● **EXERCISE PROMPT**: Using the data below, print exactly the line with "NWT Sea Level", the line with "เครื่องซักผ้าฝาหน้า LG FV1413S2BA", and every line between them, but none of the pictures.

● **GIVEN RECORDS**:

- - - - -

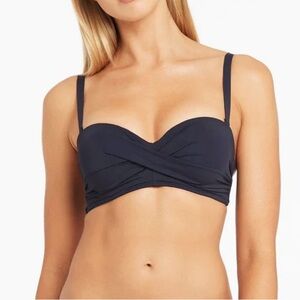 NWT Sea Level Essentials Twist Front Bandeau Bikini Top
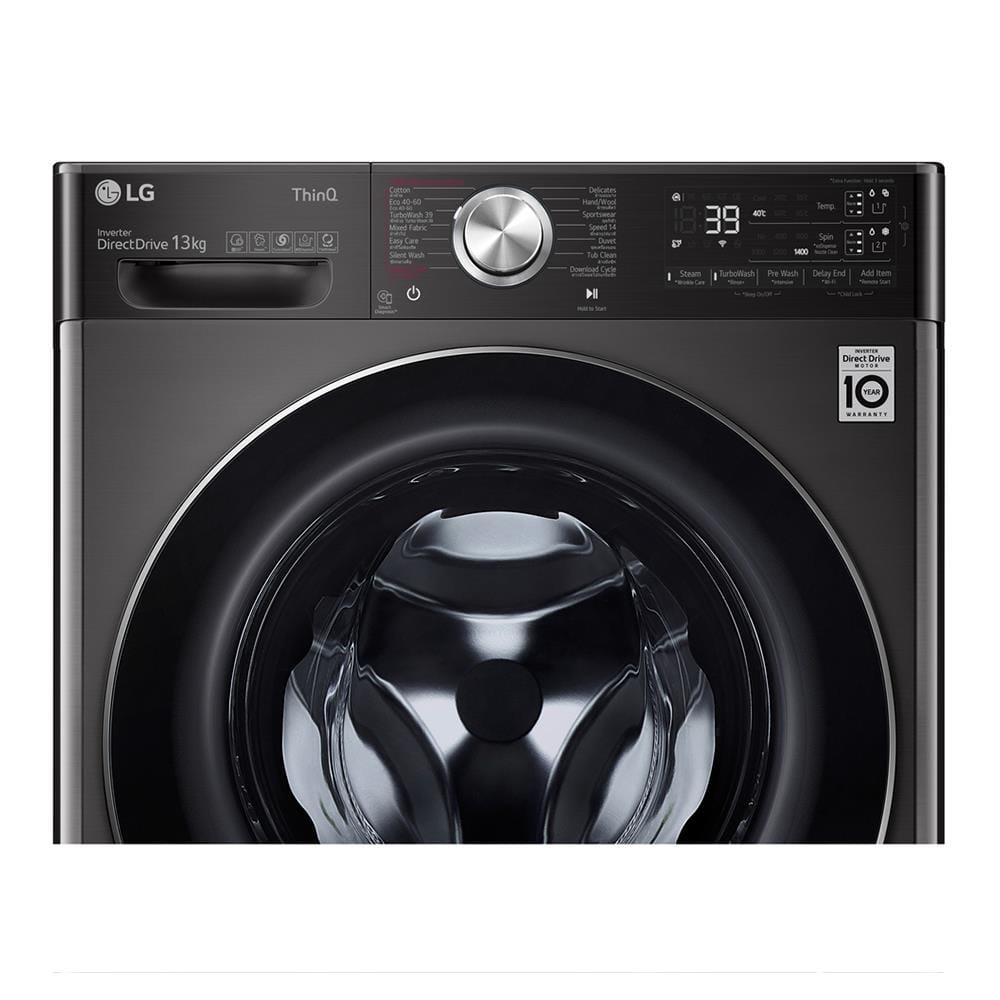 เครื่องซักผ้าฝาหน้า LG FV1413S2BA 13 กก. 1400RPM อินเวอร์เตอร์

- - - - -

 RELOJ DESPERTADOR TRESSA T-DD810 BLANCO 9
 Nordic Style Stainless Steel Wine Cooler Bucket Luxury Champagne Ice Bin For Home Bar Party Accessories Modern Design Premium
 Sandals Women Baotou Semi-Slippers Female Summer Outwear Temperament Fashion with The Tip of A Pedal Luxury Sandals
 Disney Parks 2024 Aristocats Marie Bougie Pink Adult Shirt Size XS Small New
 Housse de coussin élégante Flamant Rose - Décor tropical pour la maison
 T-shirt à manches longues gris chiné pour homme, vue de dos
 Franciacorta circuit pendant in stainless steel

- - - - -

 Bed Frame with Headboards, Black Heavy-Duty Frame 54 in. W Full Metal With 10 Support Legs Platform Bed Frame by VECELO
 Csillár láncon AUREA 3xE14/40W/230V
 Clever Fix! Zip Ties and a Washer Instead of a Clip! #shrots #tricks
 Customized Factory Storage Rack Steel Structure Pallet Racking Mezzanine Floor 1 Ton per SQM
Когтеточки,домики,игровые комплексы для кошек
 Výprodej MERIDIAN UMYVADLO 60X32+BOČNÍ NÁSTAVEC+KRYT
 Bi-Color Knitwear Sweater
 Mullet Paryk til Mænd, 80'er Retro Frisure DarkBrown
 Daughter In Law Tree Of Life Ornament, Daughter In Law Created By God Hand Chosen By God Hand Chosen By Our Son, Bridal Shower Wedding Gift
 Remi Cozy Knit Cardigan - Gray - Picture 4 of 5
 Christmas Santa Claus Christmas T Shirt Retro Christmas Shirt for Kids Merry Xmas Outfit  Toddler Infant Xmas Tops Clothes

- - - - -

● **SOLUTION TO THE EXERCISE**:
 NWT Sea Level Essentials Twist Front Bandeau Bikini Top
 เครื่องซักผ้าฝาหน้า LG FV1413S2BA 13 กก. 1400RPM อินเวอร์เตอร์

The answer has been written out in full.